* _About this exercise_: When you set down the entries, keep every word exactly as it is but drop the pictures.

* _Recorded data_:
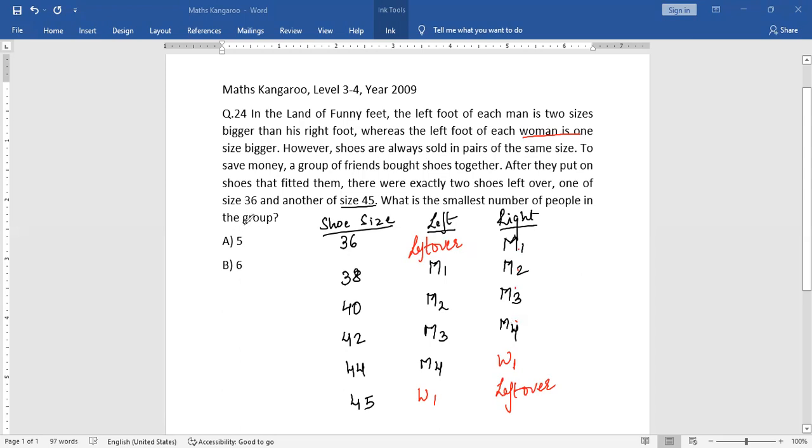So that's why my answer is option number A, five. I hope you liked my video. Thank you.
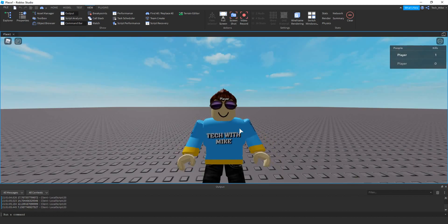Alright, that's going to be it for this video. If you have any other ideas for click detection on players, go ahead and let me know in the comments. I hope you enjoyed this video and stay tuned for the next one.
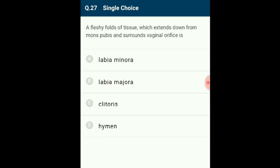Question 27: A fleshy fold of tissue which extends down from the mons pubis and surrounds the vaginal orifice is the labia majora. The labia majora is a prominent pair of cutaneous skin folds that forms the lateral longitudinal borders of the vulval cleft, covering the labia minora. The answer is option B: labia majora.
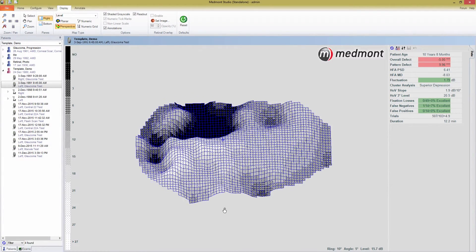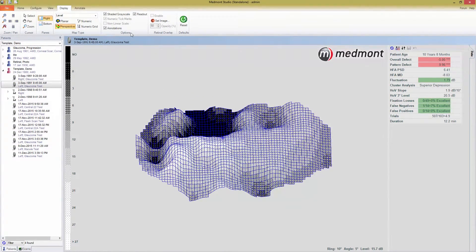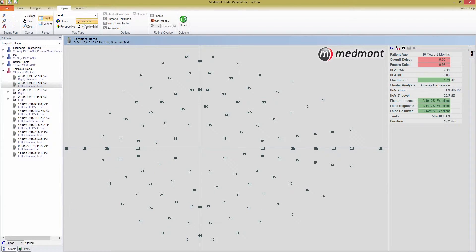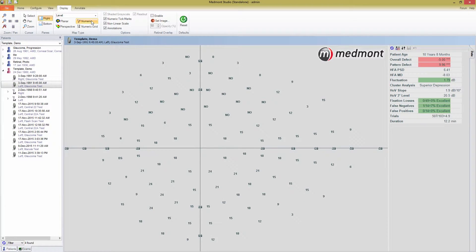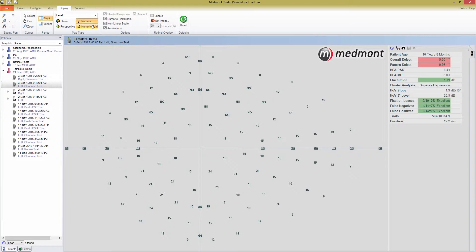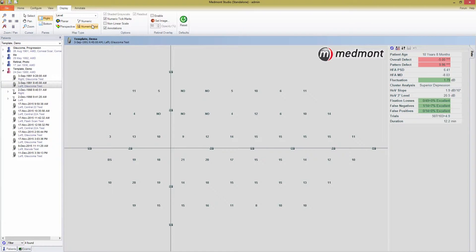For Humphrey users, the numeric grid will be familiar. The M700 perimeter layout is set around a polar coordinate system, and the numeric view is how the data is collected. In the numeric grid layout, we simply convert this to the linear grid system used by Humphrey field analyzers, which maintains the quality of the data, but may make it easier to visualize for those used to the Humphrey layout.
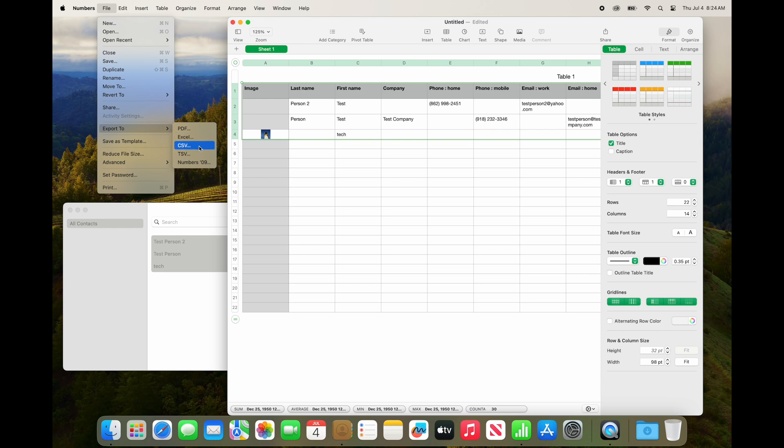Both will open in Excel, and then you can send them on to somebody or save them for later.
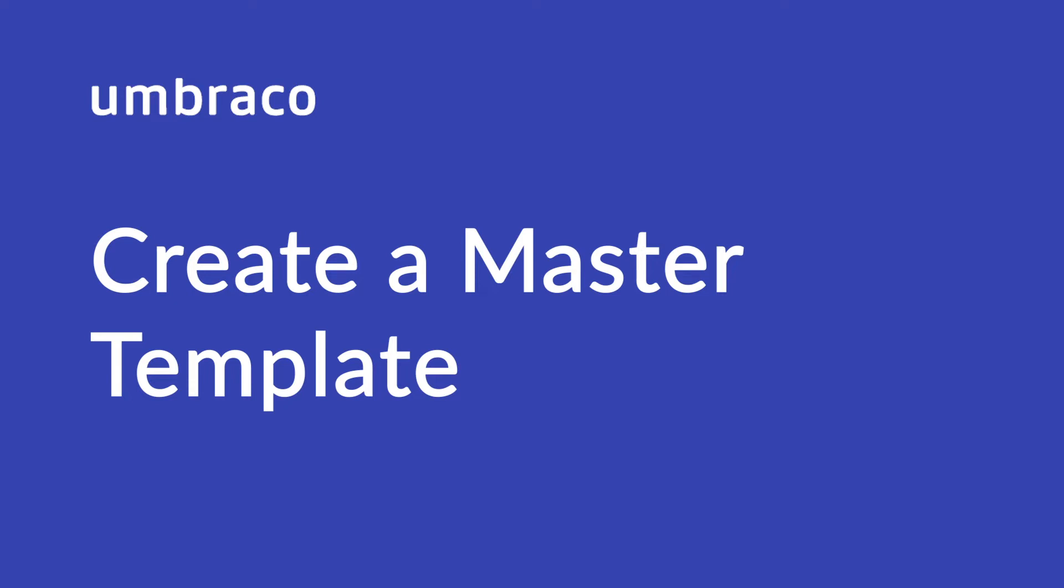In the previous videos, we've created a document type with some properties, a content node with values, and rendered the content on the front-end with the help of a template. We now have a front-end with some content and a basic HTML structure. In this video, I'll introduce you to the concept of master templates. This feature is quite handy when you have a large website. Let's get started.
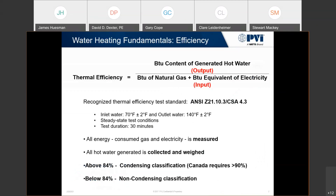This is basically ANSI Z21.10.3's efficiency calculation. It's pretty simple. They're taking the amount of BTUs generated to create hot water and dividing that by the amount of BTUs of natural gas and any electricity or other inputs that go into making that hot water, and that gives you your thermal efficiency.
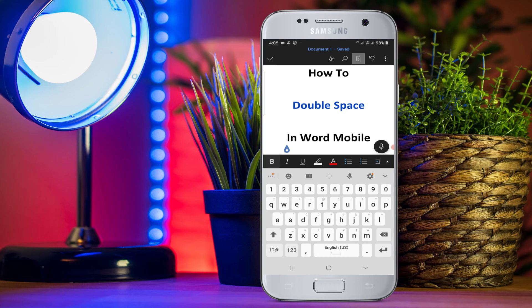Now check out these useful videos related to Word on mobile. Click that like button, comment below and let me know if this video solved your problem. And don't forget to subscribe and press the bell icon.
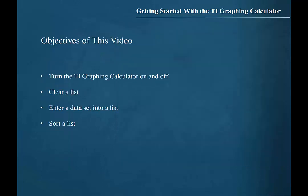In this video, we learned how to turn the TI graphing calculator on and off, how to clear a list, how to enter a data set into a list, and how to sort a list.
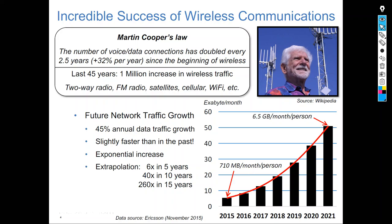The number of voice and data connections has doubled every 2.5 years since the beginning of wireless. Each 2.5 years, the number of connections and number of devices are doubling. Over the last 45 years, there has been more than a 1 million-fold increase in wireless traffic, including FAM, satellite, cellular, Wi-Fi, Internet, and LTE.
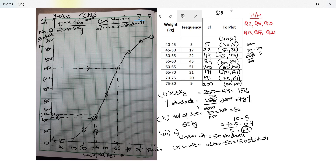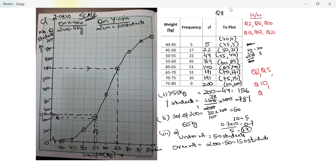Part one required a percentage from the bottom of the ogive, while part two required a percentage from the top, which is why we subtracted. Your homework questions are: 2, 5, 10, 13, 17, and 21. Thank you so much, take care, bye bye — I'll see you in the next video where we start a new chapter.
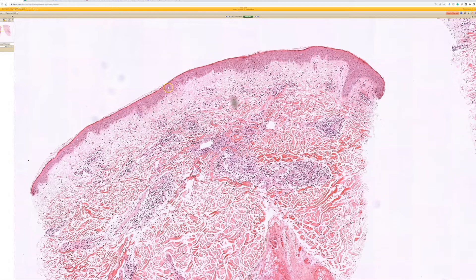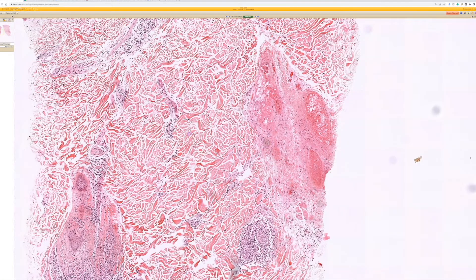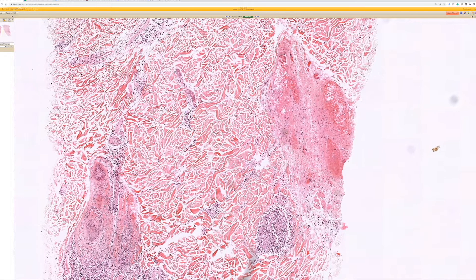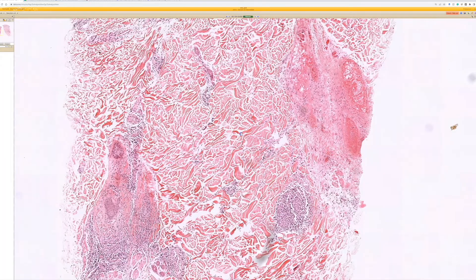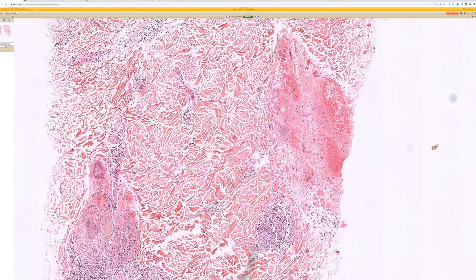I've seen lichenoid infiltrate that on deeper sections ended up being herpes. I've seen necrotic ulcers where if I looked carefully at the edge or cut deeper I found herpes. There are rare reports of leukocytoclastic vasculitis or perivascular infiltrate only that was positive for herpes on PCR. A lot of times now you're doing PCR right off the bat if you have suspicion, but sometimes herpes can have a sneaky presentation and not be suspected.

* _Answer to the problem_:
So that's why my answer is option number A, five. I hope you liked my video. Thank you.
Alright, that's going to be it for this video. If you have any other ideas for click detection on players, go ahead and let me know in the comments. I hope you enjoyed this video and stay tuned for the next one.
Question 27: A fleshy fold of tissue which extends down from the mons pubis and surrounds the vaginal orifice is the labia majora. The labia majora is a prominent pair of cutaneous skin folds that forms the lateral longitudinal borders of the vulval cleft, covering the labia minora. The answer is option B: labia majora.
For Humphrey users, the numeric grid will be familiar. The M700 perimeter layout is set around a polar coordinate system, and the numeric view is how the data is collected. In the numeric grid layout, we simply convert this to the linear grid system used by Humphrey field analyzers, which maintains the quality of the data, but may make it easier to visualize for those used to the Humphrey layout.
Both will open in Excel, and then you can send them on to somebody or save them for later.
In the previous videos, we've created a document type with some properties, a content node with values, and rendered the content on the front-end with the help of a template. We now have a front-end with some content and a basic HTML structure. In this video, I'll introduce you to the concept of master templates. This feature is quite handy when you have a large website. Let's get started.
This is basically ANSI Z21.10.3's efficiency calculation. It's pretty simple. They're taking the amount of BTUs generated to create hot water and dividing that by the amount of BTUs of natural gas and any electricity or other inputs that go into making that hot water, and that gives you your thermal efficiency.
Now check out these useful videos related to Word on mobile. Click that like button, comment below and let me know if this video solved your problem. And don't forget to subscribe and press the bell icon.
In this video, we learned how to turn the TI graphing calculator on and off, how to clear a list, how to enter a data set into a list, and how to sort a list.
The number of voice and data connections has doubled every 2.5 years since the beginning of wireless. Each 2.5 years, the number of connections and number of devices are doubling. Over the last 45 years, there has been more than a 1 million-fold increase in wireless traffic, including FAM, satellite, cellular, Wi-Fi, Internet, and LTE.
Part one required a percentage from the bottom of the ogive, while part two required a percentage from the top, which is why we subtracted. Your homework questions are: 2, 5, 10, 13, 17, and 21. Thank you so much, take care, bye bye — I'll see you in the next video where we start a new chapter.
I've seen lichenoid infiltrate that on deeper sections ended up being herpes. I've seen necrotic ulcers where if I looked carefully at the edge or cut deeper I found herpes. There are rare reports of leukocytoclastic vasculitis or perivascular infiltrate only that was positive for herpes on PCR. A lot of times now you're doing PCR right off the bat if you have suspicion, but sometimes herpes can have a sneaky presentation and not be suspected.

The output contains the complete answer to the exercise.